About this exercise: Reproduce exactly the lines from the one containing "Novus Biologicals Cytokeratin" through the last line of the records below, both included. Leave out any pictures.

Input:
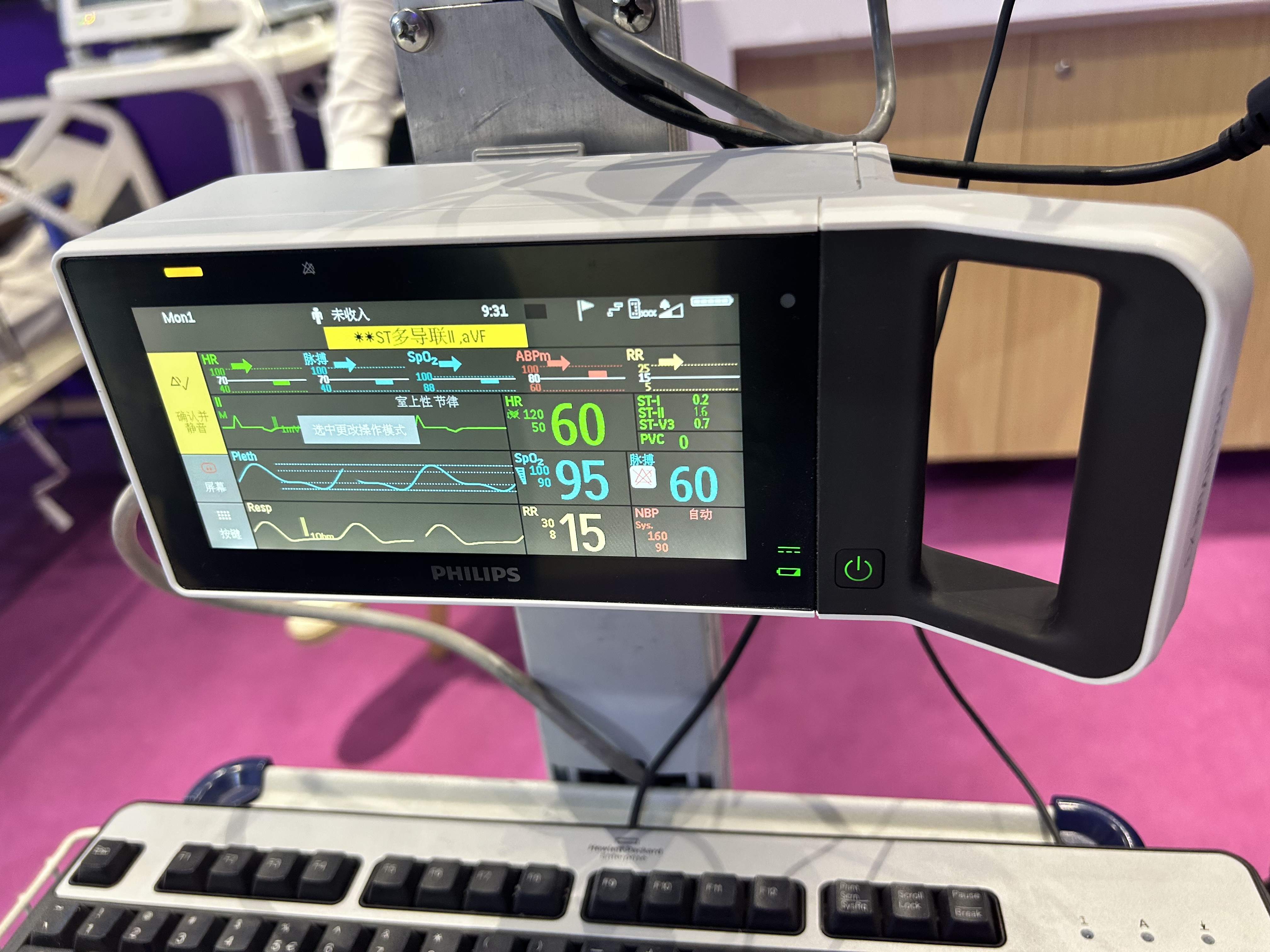 เครื่องตรวจสอบผู้ป่วย Philips IntelliVue X3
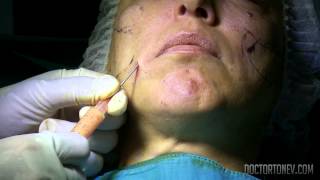 Липофилинг на лице  др Антон Тонев Face Lipofilling [upl. by Byrle]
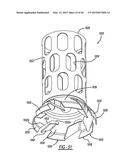 AXIAL FLOW ATOMIZATION MODULE WITH MIXING DEVICE diagram and image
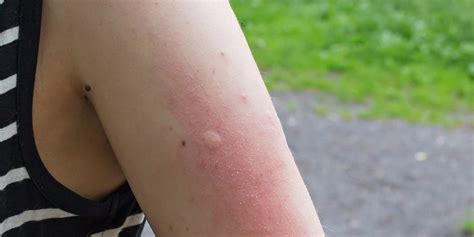 Mosquito Bite Allergy Symptoms Mosquito Bite Reaction Meaning Lupon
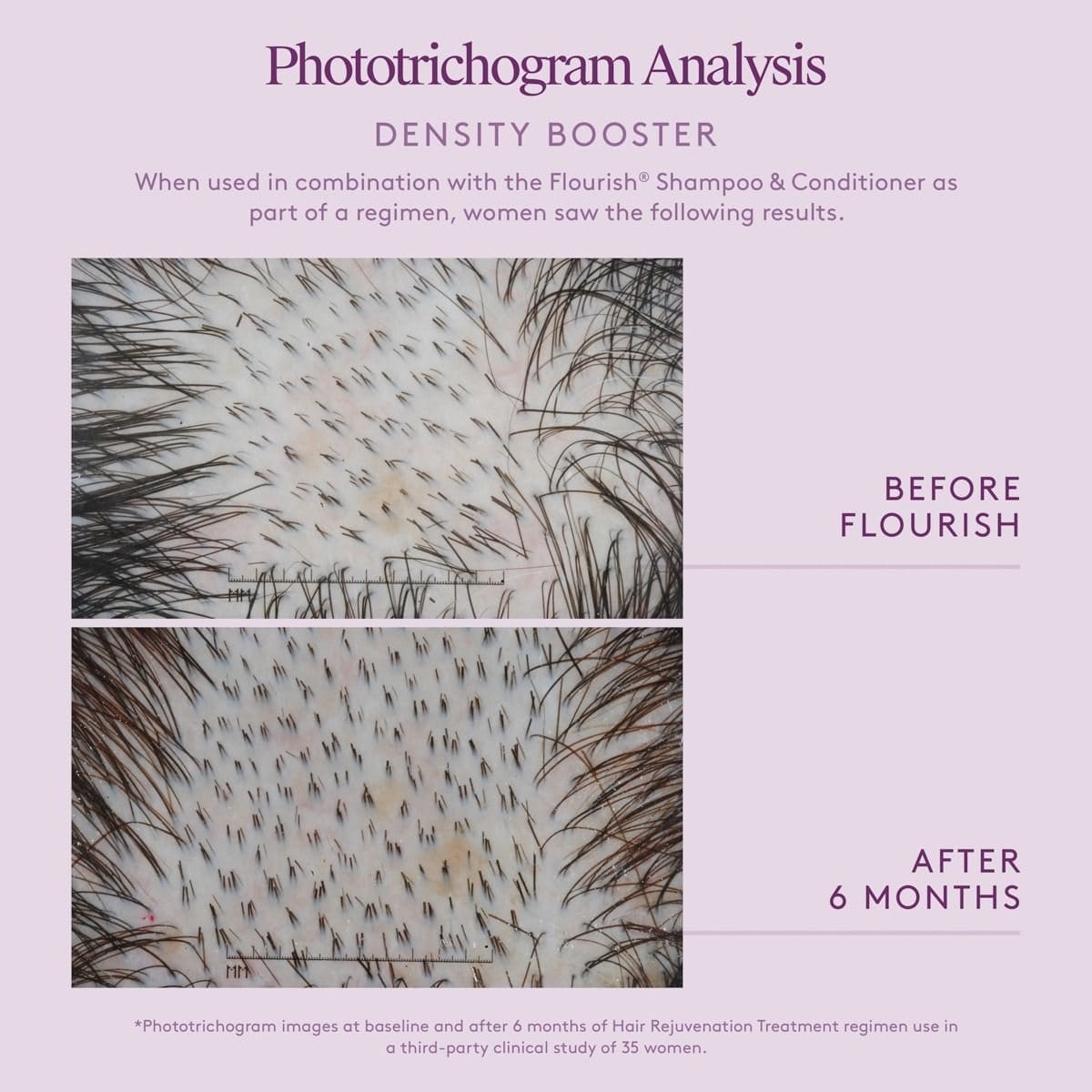 Phototrichogram scalp close-ups showing denser hair after 6 months of the Virtue Flourish Density Booster regimen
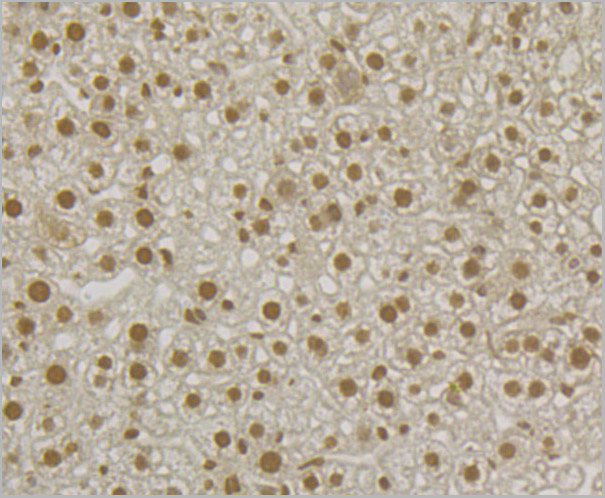 product-image-AAA30476_IHC3.jpg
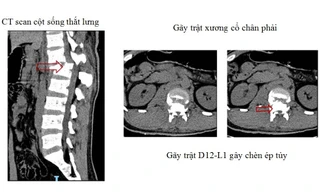Rơi thang máy, 2 công nhân trọng thương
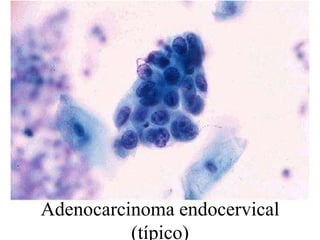 “puentes celulares” entre grupos en forma de “placas”.Citología del Adenocarcinoma infiltrante (Dr. De  Agustí)Grupos tridimensionales :límites citoplásmicos borradosNúcleos excéntricos, cromatina no muy grosera, nucleolos prominentesDiátesis tumoralCitoplasmas vacuolados ( a veces en anillo de sello)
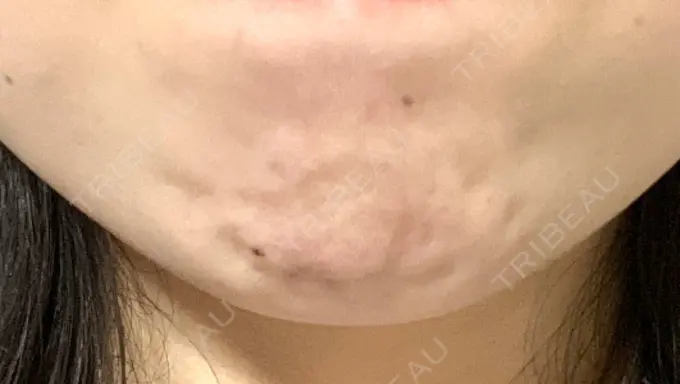 ボトックス（あご） フィラークリニック 町田院 DAY 1 メイン用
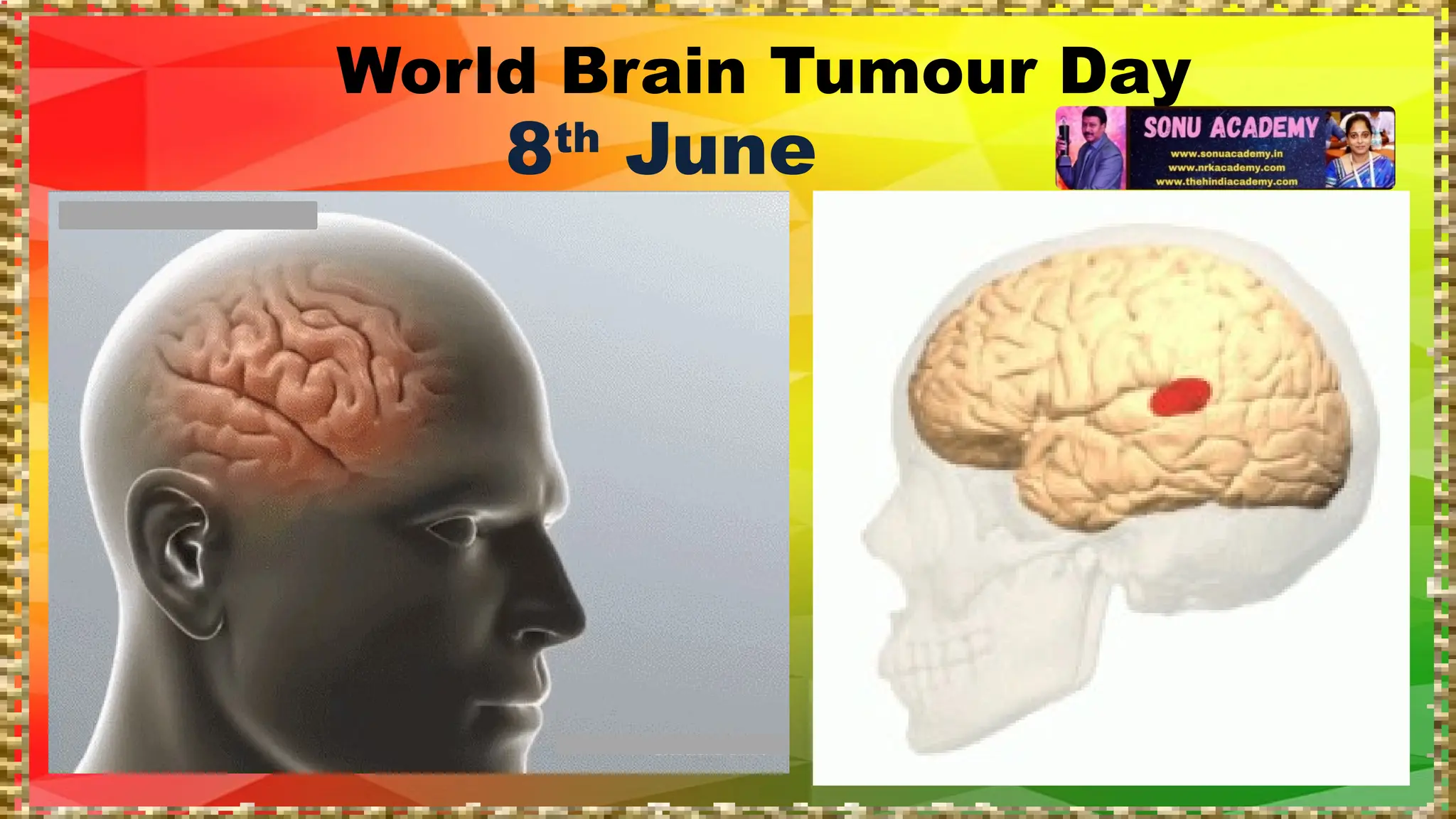 World Brain Tumour Day
8th
June
 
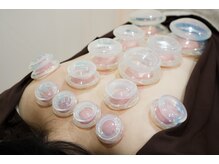 たたら鍼灸整骨院/カッピング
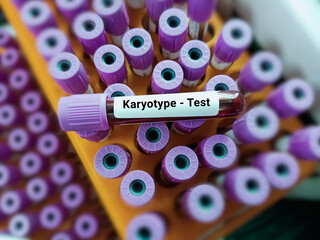 Blood sample for karyotyping test. Healthcare and medical test concept.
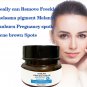 Natural Freckle Dark Spot Melasma Sun Spot Age Spot Pregnancy Spot Removal Cream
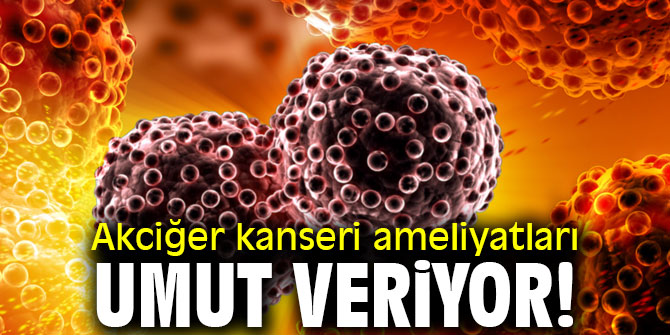 Akciğer kanseri ameliyatları umut veriyor!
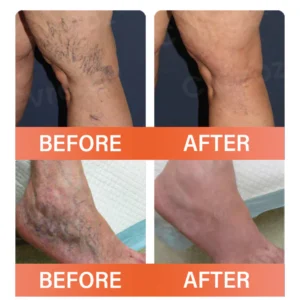 Oveallgo® VeinEase Microneedle Therapy Patch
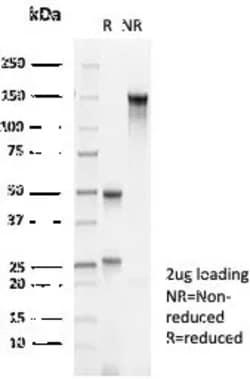 Novus Biologicals Cytokeratin 10 Antibody (KRT10/6961), Novus Biologicals:Antibodies:Primary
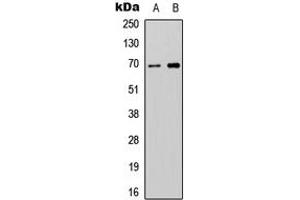 Image no. 1 for anti-Autophagy Related 16-Like 2 (ATG16L2) (Center) antibody (ABIN2705533)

Answer section:
 Novus Biologicals Cytokeratin 10 Antibody (KRT10/6961), Novus Biologicals:Antibodies:Primary
 Image no. 1 for anti-Autophagy Related 16-Like 2 (ATG16L2) (Center) antibody (ABIN2705533)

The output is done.